Start of DATA EXCERPTS
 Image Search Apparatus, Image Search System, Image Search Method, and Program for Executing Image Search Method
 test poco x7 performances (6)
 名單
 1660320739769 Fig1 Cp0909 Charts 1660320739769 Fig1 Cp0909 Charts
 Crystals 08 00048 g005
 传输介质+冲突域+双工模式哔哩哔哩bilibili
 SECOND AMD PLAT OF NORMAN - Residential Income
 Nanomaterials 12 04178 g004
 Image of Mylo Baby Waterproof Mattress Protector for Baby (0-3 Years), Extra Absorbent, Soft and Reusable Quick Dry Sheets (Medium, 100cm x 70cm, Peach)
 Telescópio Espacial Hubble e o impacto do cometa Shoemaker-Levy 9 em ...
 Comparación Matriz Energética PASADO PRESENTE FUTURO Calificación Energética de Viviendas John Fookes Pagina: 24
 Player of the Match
End of DATA EXCERPTS
» WHAT TO DO:
Exactly the lines from the one containing "Nanomaterials 12 04178 g004" through the end of the records should be reproduced, and no others.

» EXERCISE OUTPUT:
 Nanomaterials 12 04178 g004
 Image of Mylo Baby Waterproof Mattress Protector for Baby (0-3 Years), Extra Absorbent, Soft and Reusable Quick Dry Sheets (Medium, 100cm x 70cm, Peach)
 Telescópio Espacial Hubble e o impacto do cometa Shoemaker-Levy 9 em ...
 Comparación Matriz Energética PASADO PRESENTE FUTURO Calificación Energética de Viviendas John Fookes Pagina: 24
 Player of the Match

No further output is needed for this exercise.